A hierarchical cluster (agglomerative) analysis was performed and the labels were awarded based on the cluster population (see Figure 9). This should emulate postprocess inspection based upon unrecorded parameters, for example, inspection of weight, colour, smell, sound, or other unrecorded product parameters. In this case clearly outlying clusters were labelled “bad.”

This allows classified vectors, which are needed for the following analysis using supervised machine learning on all process states TOM, TOM_DICK, and TOM_DICK_HARRY (T, TD, TDH), represented by the various accumulations of the feature vectors.

3.2. Methodology

In this section, a methodology to analyze a data set based on a process sequence as described above is introduced. The objective of the presented methodology is to derive information from the data set to increase transparency and advance the knowledge about the overall system. By using advanced machine learning techniques, it is possible to utilize “hidden” information that would normally not be taken into consideration.

A key factor which differentiates this methodology from many other is the combination of advanced machine learning techniques with strategic preparation of the data set according to the state view described earlier. This has to be done prior to the application of supervised machine learning based feature ranking as described below, ideally as part of the data preprocessing.

Machine learning promises the ability to handle complicated optimization problems. It is able to handle high-dimensional data in a complex and dynamic, even chaotic environment rather well depending on the algorithm used [8, 9]. ML algorithms provide the opportunity to learn from the dynamic system and adapt to changing environment automatically to a certain extent [10, 11].

A common metaclassification of machine learning algorithms is “unsupervised,” “supervised,” and “reinforcement” machine learning [12, 13]. Whereas for unsupervised machine learning the data is not labelled, thus no feedback if provided from an external source, supervised machine learning, and Reinforcement Learning (RL) rely on external feedback. RL is based on an evaluation of a chosen action whereas for supervised machine learning, the correct label is provided by a teacher [12].

Supervised machine learning was found to be a good fit for problems and application with access to labelled data and available expert feedback. A domain with such properties is, for example, manufacturing [11]. In the application cases of this methodology, the availability of labels and expert feedback is assumed. Thus, supervised machine learning is focused on from here on.

There are several supervised machine learning algorithms and variations available today. Each of them has distinct advantages and challenges. Kotsiantis [13] compared several algorithms according to different dimensions. A rather promising algorithm for the illustrated application of this methodology is Support Vector Machines (SVM), introduced by Cortes and Vapnik [14] as a new machine learning technique for two-group classification problems.

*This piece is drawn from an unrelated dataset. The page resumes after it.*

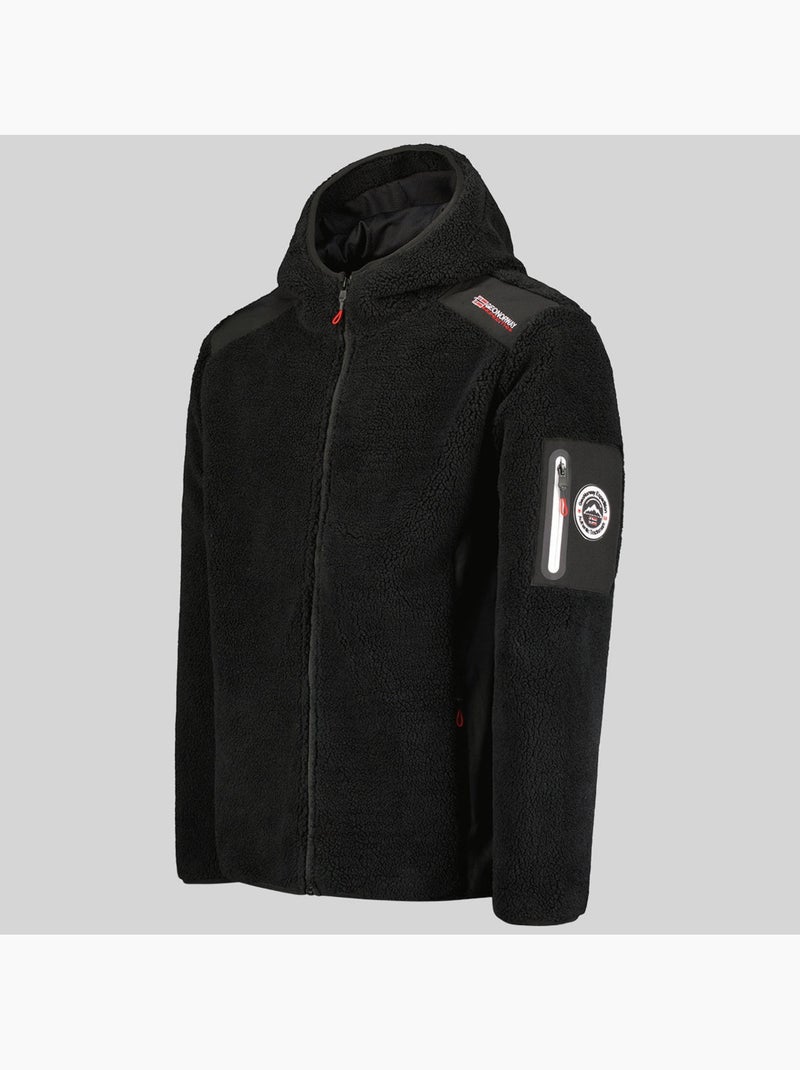 Veste polaire à capuche tufour – geographical norway Noir - Kiabi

Burbidge et al. [15] found SVM to be a “robust and highly accurate intelligent classification technique well suited for structure-activity relationship analysis.” SVM can be understood as a practical methodology of the theoretical framework of statistical learning theory (STL) [16]. The idea behind it is that input vectors are nonlinearly mapped to a very high-dimensional feature space [14]. SVM can be combined with different kernels (e.g., neural networks; Anova) [17]. Hence, SVM is a very adaptable algorithm, suitable for a broad range of applications, requirements, and problem characteristics (Table 1).

SVM as a classification technique has its roots in statistical learning theory [18, 19] and has shown promising empirical results in a number of practical manufacturing applications [20, 21] and works very well with high-dimensional data [19, 22–26]. Another aspect of this approach is that it represents the decision boundary using a subset of the training examples, known as the support vectors.

In order to identify the relevant state drivers of the accumulated state vector, a ranking of the descriptive state characteristics and process parameters (summarized as features in machine learning terms) is necessary. SVM has the possibility to take the different, often just implicitly known process, intra- and interrelations into account. This can be done as a simple matter using SVM. The general idea behind this feature ranking, also known as feature selection, is to identify or rank “relevant” characteristics which are either able to represent a system through generalization or are important to monitor as they may allow prediction of a certain (future) outcome/behaviour. This enables the identification of relevant state drivers in multistage process sequences.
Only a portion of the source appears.